While cancer is more common in older people, each year in Alberta, about 237 young people are diagnosed with cancer.

Pain in cancer patients can be acute or chronic, or both. It can result from chemotherapy and other treatments, surgeries and tests. The current method of tracking pain and other symptoms involves asking patients to record how they feel on paper score sheets, which are reviewed by their medical team at regular appointments, which can be weeks apart. McKillop says this isn’t effective with teenagers, who either don’t want to bother with the task or they get their parents to do it, which can result in inaccurate reporting.

Pain can impact a teenage patient’s quality of life, making them reluctant to go to school or get out with their friends. It can also affect their rehab and can contribute to mental health problems, which are common in cancer patients. “Having pain itself and its impact on their lives can certainly make the symptoms of depression or anxiety around doing activities worse,” she says.

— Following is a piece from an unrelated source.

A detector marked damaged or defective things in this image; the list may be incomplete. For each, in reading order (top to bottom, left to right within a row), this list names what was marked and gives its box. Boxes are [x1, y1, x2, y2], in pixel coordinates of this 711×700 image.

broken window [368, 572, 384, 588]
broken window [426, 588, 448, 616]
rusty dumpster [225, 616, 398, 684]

The Pain Squad+ app is set up like a video game, where users create superhero avatars who carry out missions to defeat Squidopus — by completing two daily pain reports and unlocking a range of pain advice to help them manage their symptoms. “They’ve tried to make it as teenager-appropriate as possible,” says McKillop. “Early on it was recognized that if you didn’t have engagement and if you didn’t make it fun and provide rewards, no one was going to continue to do this reporting.”

Data is still being collected in Edmonton and the other sites to determine the effectiveness of the app. Proper pain reporting is crucial to giving doctors a better understanding of their patients and how their treatment is affecting them.

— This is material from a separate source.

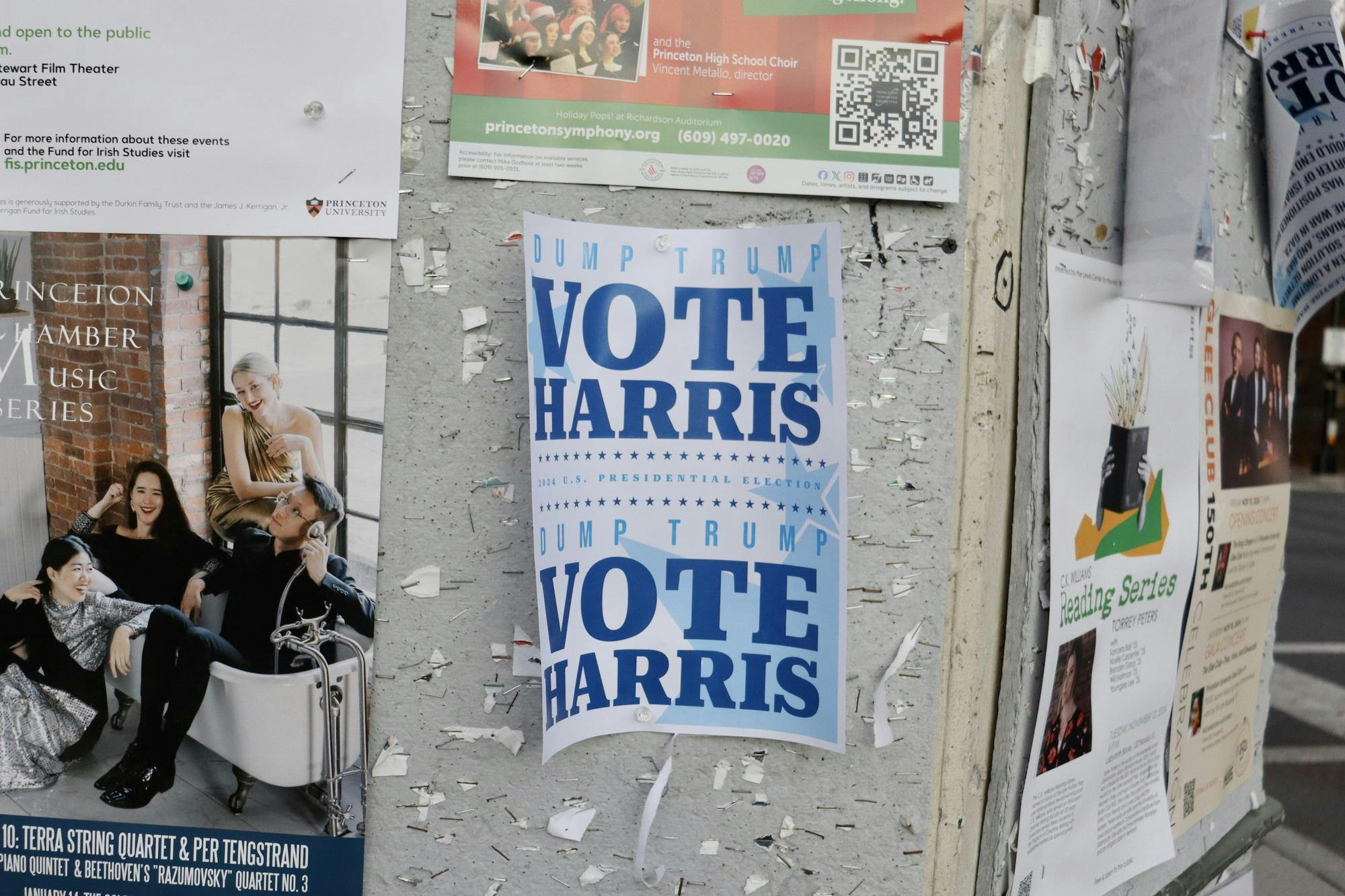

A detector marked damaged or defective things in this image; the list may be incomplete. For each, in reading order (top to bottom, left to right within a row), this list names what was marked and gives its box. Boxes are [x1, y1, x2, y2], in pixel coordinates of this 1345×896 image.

But empowering young patients to take control of their pain management is also a key element of the project, says McKillop.

“Doctors getting this information is important, but even more important is helping to educate that young person about looking at their own pain story and recognizing when they need to ask for help. And it helps to validate some of the experiences they’re having.”


Study management support for this project is supported by the Stollery Children’s Hospital Foundation through the Women and Children’s Health Research Institute.